21st Century Fox (FOXA  ) last week announced that the Walt Disney Company (DIS  ) is prepared to buy Sky News in order to help bolster Fox's bid to acquire British satellite broadcaster Sky plc. Disney's offer to purchase Sky News comes as 21st Century Fox attempts to address the concerns of regulators in the U.K., who provisionally rejected its proposed acquisition of Sky in January.

Disney's offer to purchase Sky News is a part of 21st Century Fox's efforts to make its proposed acquisition of Sky more palatable to British regulators by separating Sky News from the influence of Fox and the Murdoch Family Trust. The U.K.'s Competition and Markets Authority (CMA) had provisionally rejected the 21st Century Fox-Sky deal, on the grounds that the transaction would leave an excessive share of the nation's news outlets in the control of 21st Century Fox's founder and executive chairman Rupert Murdoch and the Murdoch family. Murdoch also controls News Corporation (NWSA  ), which owns the publisher of prominent British newspapers The Times, The Sunday Times, and The Sun.

Committed to adding the British broadcaster to his global media empire, Murdoch is now facing a challenger for Sky from major competitor Comcast (CMCSA  ). Comcast, which owns NBC and Universal Pictures, submitted a rival bid of $31 billion for the company late this February.

Disney has a substantial interest in the proposed 21st Century Fox-Sky deal. In December 2017, the company announced its plans to acquire 21st Century Fox, in a $52.4 billion deal projected to be finalized in the next year.
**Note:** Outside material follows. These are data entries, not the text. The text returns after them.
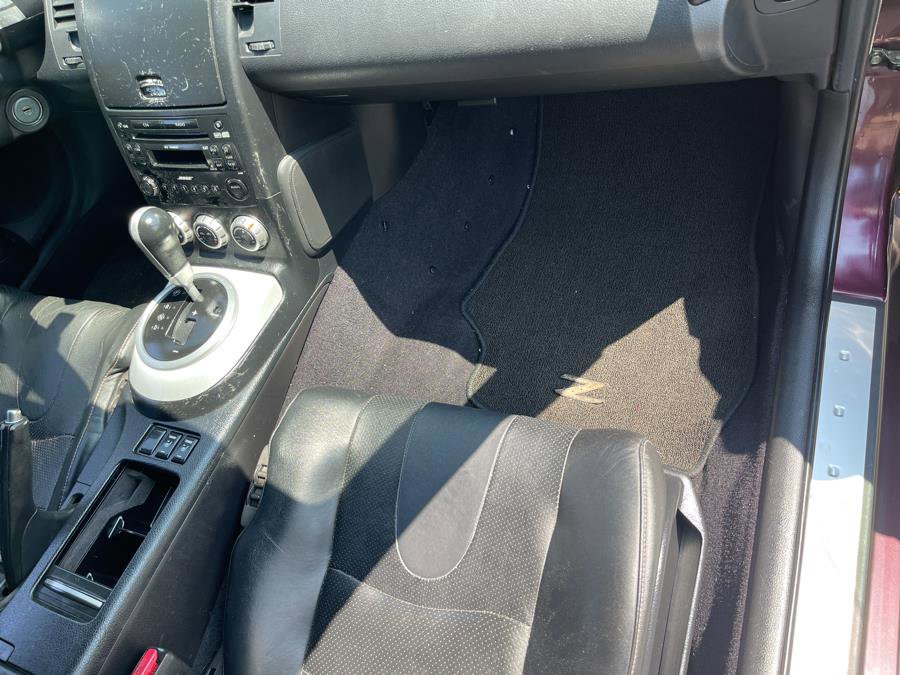 Used 2006 Nissan 350Z Touring image 39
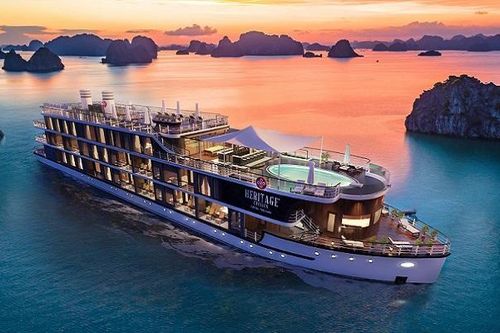 Top 6 cảnh đẹp Hạ Long về đêm thu hút du khách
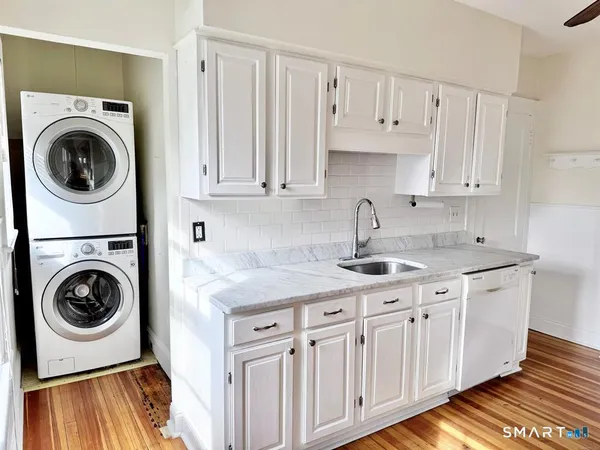 $2,900 | 113 Ellsworth Street, Bridgeport, CT 06605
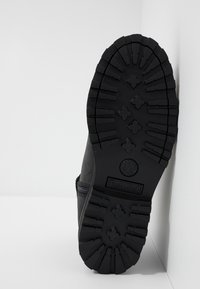 Timberland COURMA CHELSEA - Classic ankle boots - black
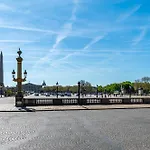 Lease Mobility L Champs-Elysee & Eiffel View L Triplex 2Br & Rooftop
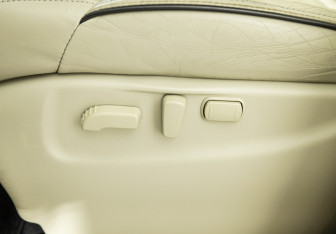 Подержанный автомобиль Infiniti QX80 2018 года (17 фото)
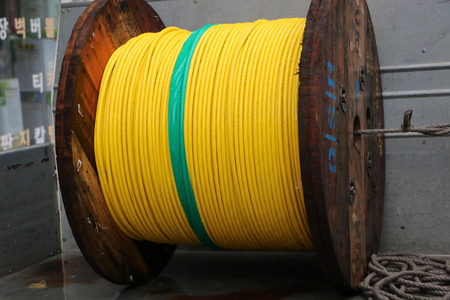 Electric cables / wire line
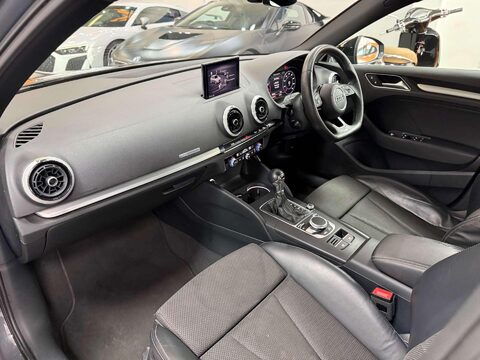 Audi A3 1.5 TFSI CoD 35 Black Edition Sportback 5dr Petrol S Tronic Euro 6 (s/s) (1 40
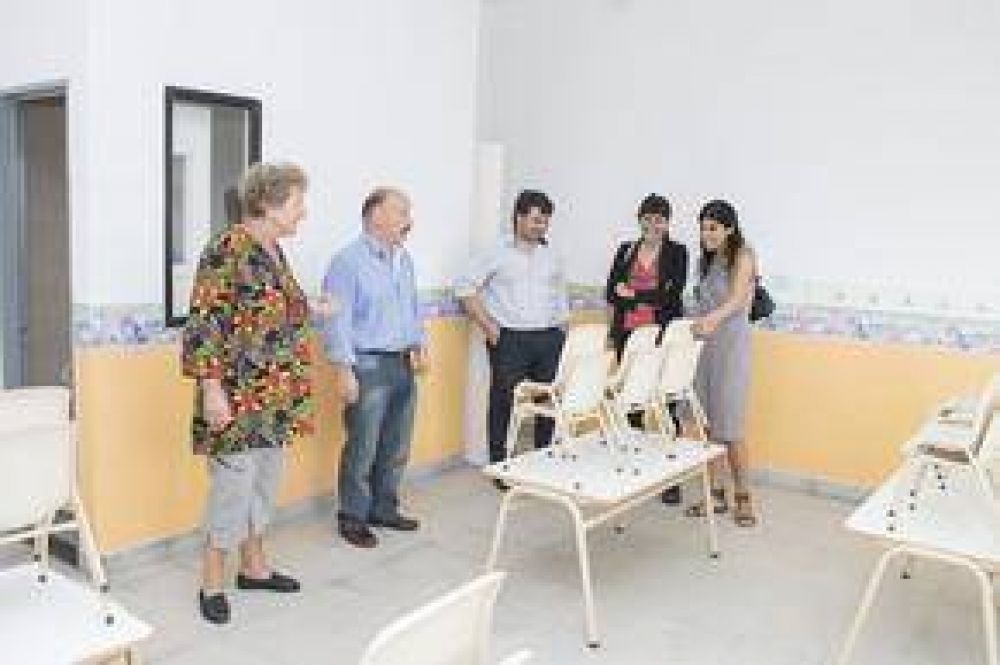 Inza celebr� que los alumnos comiencen el ciclo lectivo en su nueva casa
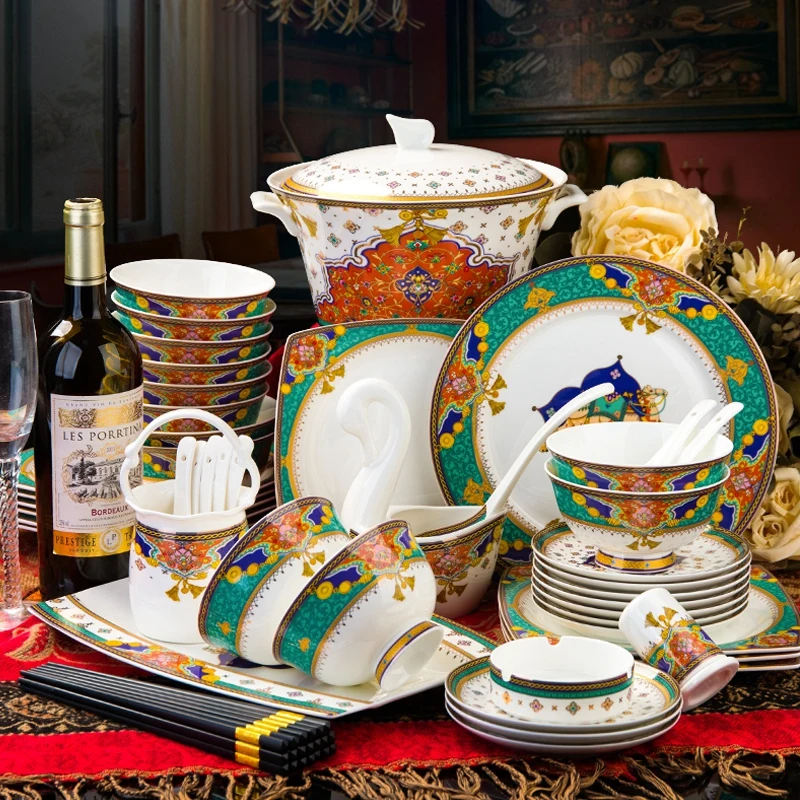 

Jingdezhen high-grade ceramic 60 head bone china tableware dish set luxury household European style gold rimmed dishes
Disney will take over 21st Century Fox's film and television studios, cable entertainment networks, and international TV businesses. The last category includes Fox's 39% stake in Sky, which Comcast is pursuing as part of its bid to acquire Sky. Disney's CEO Robert A. Iger has also expressed sharp interest in Sky, describing the British media giant as a "crown jewel."

Disney's new proposed purchase of Sky News will be conducted separately from its proposed acquisition of Fox.
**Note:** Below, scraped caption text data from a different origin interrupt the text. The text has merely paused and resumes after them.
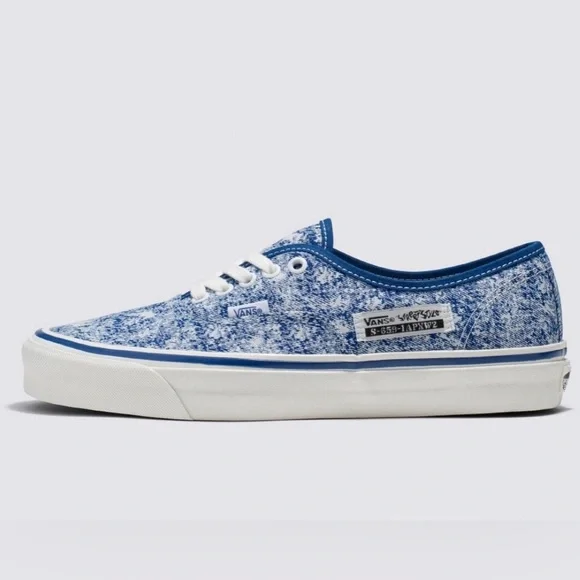 Vans authentic 44 D Brand new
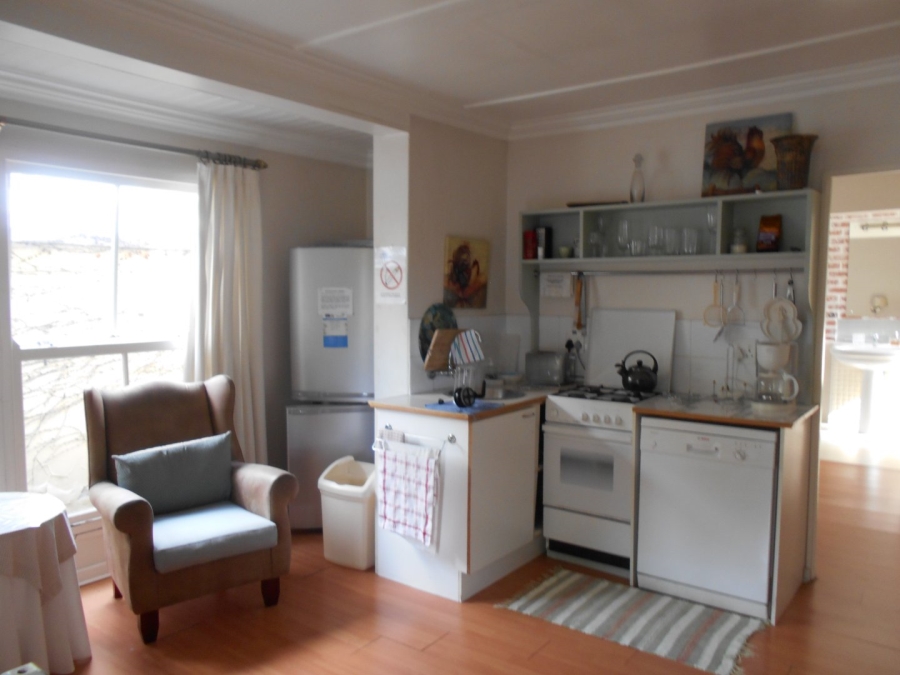 To Let 1 Bedroom Property for Rent in Rosebank Gauteng
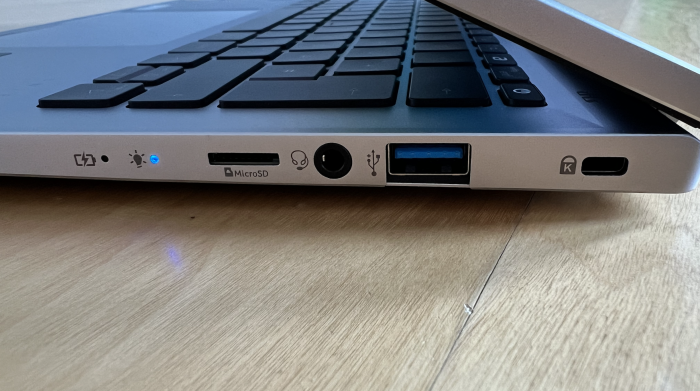 Auf beiden Seiten ist ein USB-A-Port vorhanden. (Quelle: Martin B&ouml;ckmann/Golem.de)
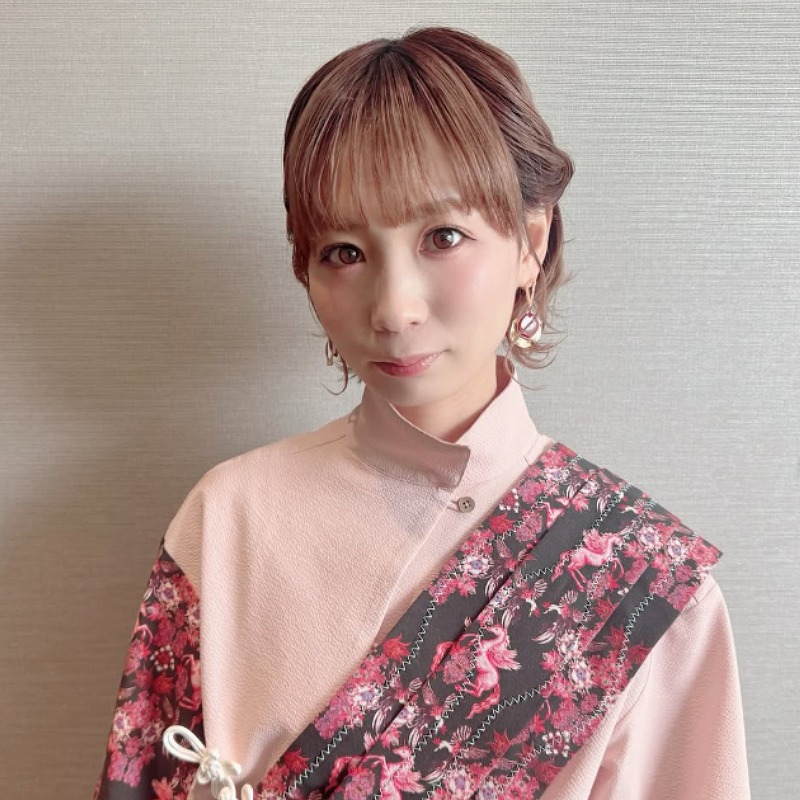 モモコグミカンパニーがピンク色の服を着ている画像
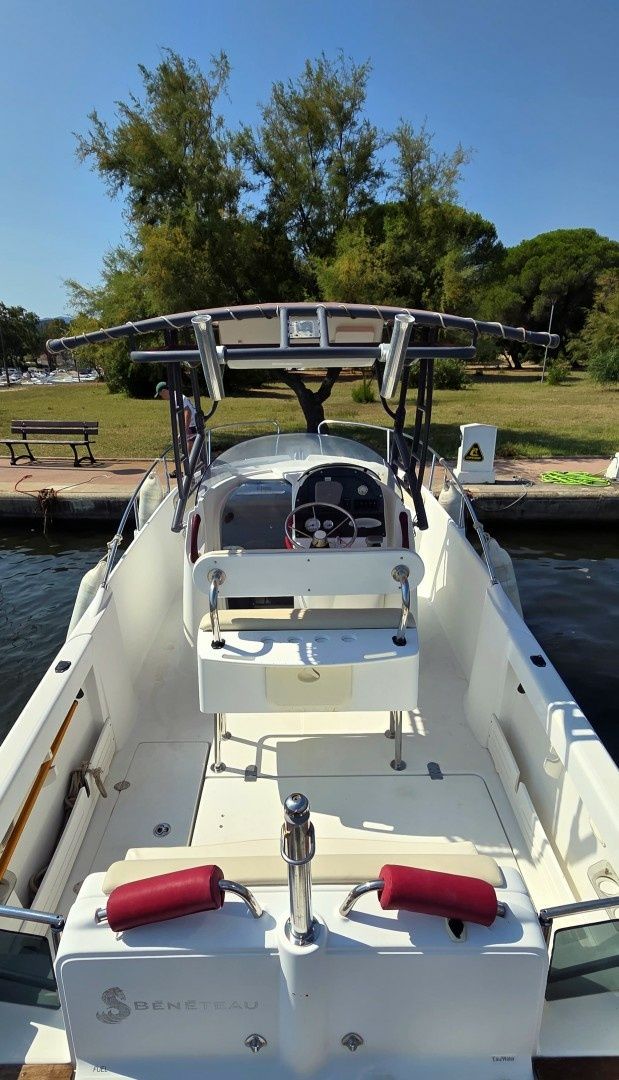 Beneteau Flyer 750 | 06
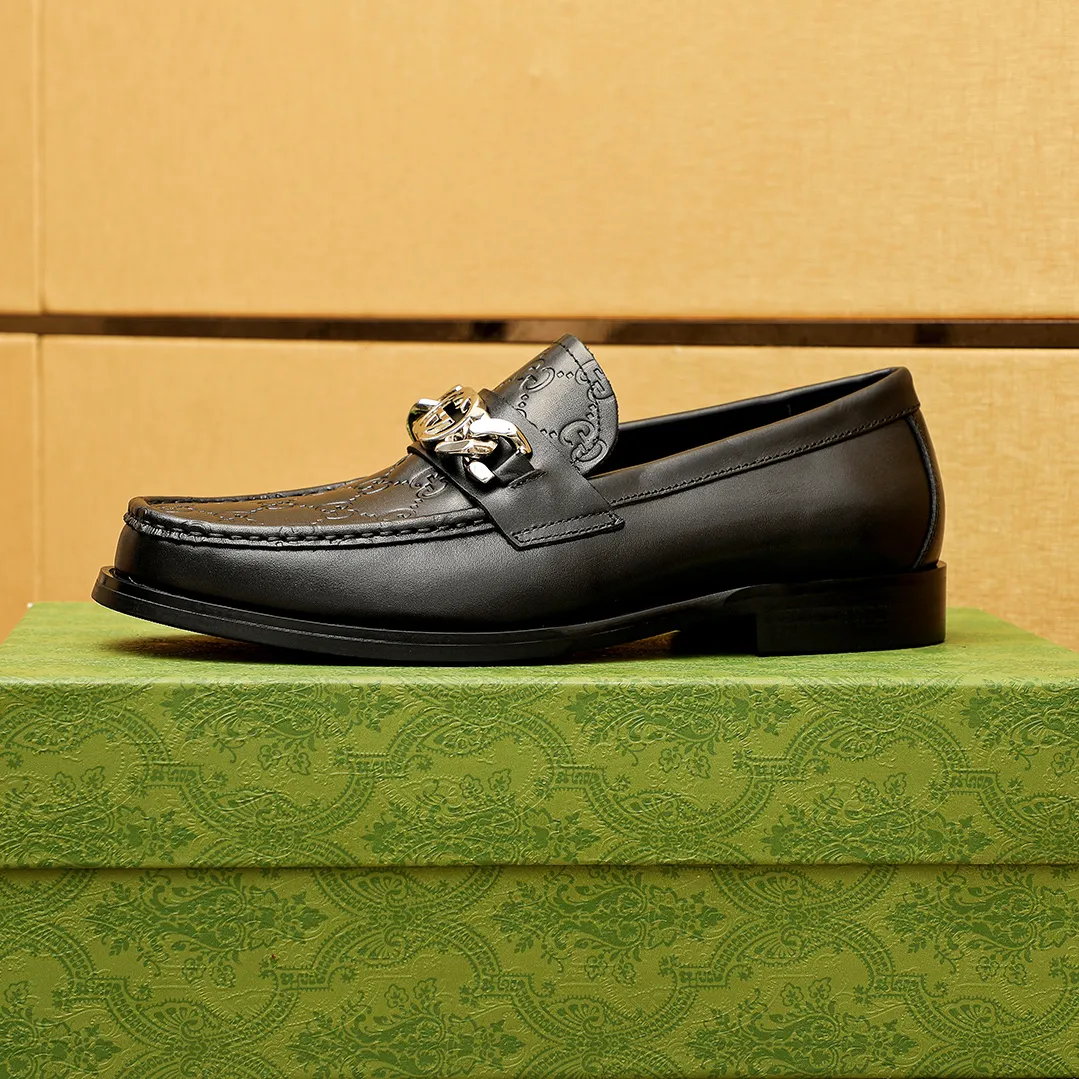 Men's shoes 💰480 💐 Product trademark: GUCCI "Gucci" casual leather shoes Regular size: 38-44 (45.46🉑️customized) Product materials: Selected imported first-layer calfskin embossed upper + luxury hardware buckle, imported water-dyed cowhide leather lining. Strong three-dimensional visual effect, original outsole color: 2 colors available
A sell-off of Sky News is one of two options for "[safeguarding] the independence of Sky News" proposed by 21st Century Fox in a filing with the CMA, released last Tuesday. The company's other proposed remedy would see Sky News legally separated from the rest of Sky and led by an independent board. Under the "ring-fencing" proposal, Sky News would operate as a distinct, independent company within Sky plc, with funding guaranteed for 15 years.

In its response to Fox's proposed solutions, Sky backed the American media company, saying, "Sky believes that both of these remedy proposals comprehensively address any plurality concerns the CMA may have, and would guarantee the long-term future of Sky News and its ongoing editorial independence."

The CMA is set to present its final report to Britain's Secretary of State for Digital, Culture, Media, and Sport, Matt Hancock, by May 1, 2018. The Culture Secretary has promised to issue a decision on the transaction by June 14, 2018.